El segundo de los agentes que ha depuesto como testigo, no es que diga que el Sr. Abilio mostró objeción o resistencia física a colaborar, sino que dice que mostró "toda", mostrándose insultante y obstruccionista, sin atender a las ordenes de que se echara al lado porque estaba en la autopista y se introducía en la zona de circulación, teniendo que llevarle al arcén para evitar algún accidente. Se resistió a mostrar cualquier papel y se oponía a que se hiciera cargo la G. Civil del vehículo allí parado en tales circunstancias. Y decidida la detención, se opuso a que le colocaran los grilletes, forcejando ambos y originándole lesiones al agente con el resultado que aparece en el factum de la sentencia apelada.
Las reservas de credibilidad de los testigos agentes, que le merezcan a la defensa, no podemos compartirlas una vez vista la grabación del juicio y hecha ponderación de las consideraciones del juzgador de instancia. Salvo el gruista, todos los testigos (agentes y el Sr. Dimas que aviso a la G. Civil) han indicado que el Sr. Abilio estaba borracho, con lo que ya implica un estado de descontrol psíquico físico evidente, y desde ahí, como si se puso a tomar cervezas después en plena autopista y tumbarse, con lo absurdo que es, no hay razones para negar credibilidad a los agentes en favor de la versión del acusado.
TERCERO.- No procede el reconocimiento de la embriaguez que pudiera presentar el Sr.
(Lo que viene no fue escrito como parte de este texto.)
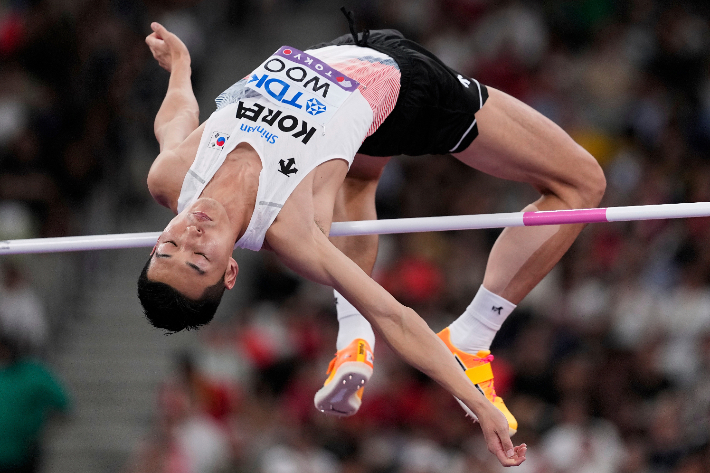 우상혁이 지난해 9월 14일 일본 도쿄에서 열린 2025 세계육상선수권 남자 높이뛰기 예선에서 바를 넘고 있다. 연합뉴스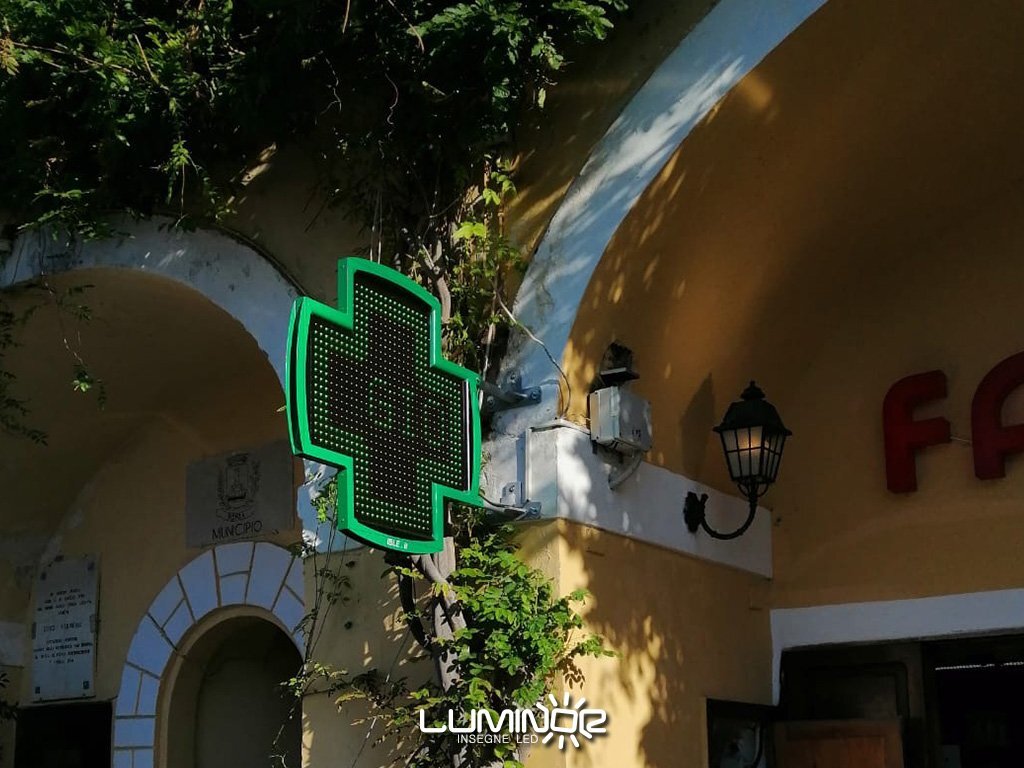 Farmacia Mazzella - Croce luminosa LED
Abilio como plena, dando lugar a la eximente completa interesada.
Como es sabido, la consideración jurídica de embriaguez permite ser encajada en distintas situaciones ( STS de 25 de abril de 2.002 ):
a) La embriaguez plena y fortuita, determinará la aplicación de la eximente completa ( art. 20.1CP ).
b) Cuando es fortuita pero no es plena puede determinar la aplicación de la eximente incompleta cuando se produce una afectación seria o profunda de las facultades psíquicas, intelectivas o volitivas ( art. 21.1CP ).
c) Si no es habitual ni provocada para delinquir y determina o influye en la realización del hecho delictivo, podrá ser de aplicación la atenuación del art. 21.2 del Código Penal EDL 1995/16398 EDL 1995/16398 .
d) La atenuante del art. 21.6 CP , de análoga significación, para aquellos supuestos de embriaguez relevante productora de una leve afectación de las facultades psíquicas ( STS 1.672/1.999, de 24 de noviembre CP).
Ahora bien, en todo caso es preciso que la afectación del acusado por el consumo alcohólico se estime acreditada, y en este caso si bien se reconoce que estaba el acusado afectado por la ingesta de bebidas alcohólicas, no puede decirse que estuviera anulada su capacidad intelectiva y volitiva, ni siquiera menoscabada grave o profundamente, pero sí con influencia en el delito, recogiéndose correctamente por el juzgador de primer grado, por lo que el recurso debe ser desestimado.
CUARTO .- Las costas de la alzada han de imponerse al apelante.
Vistos los arts. citados y demás de general aplicación:
Fallo
Desestimamos el recurso de apelación interpuesto por Abilio contra la sentencia de 21 de dic. de 2.010 del Juzgado de lo Penal de Vinaroz dado en el .J.O. 309/2010 , confirmado la misma con imposición de costas a la parte apelante.
Notifíquese a las partes la presente resolución y con testimonio de la misma devuélvanse las actuaciones al juzgado de procedencia para su ejecución y cumplimiento.
Así por esta nuestra sentencia, de la que se unirá certificación al presente rollo, lo pronunciamos, mandamos y firmamos.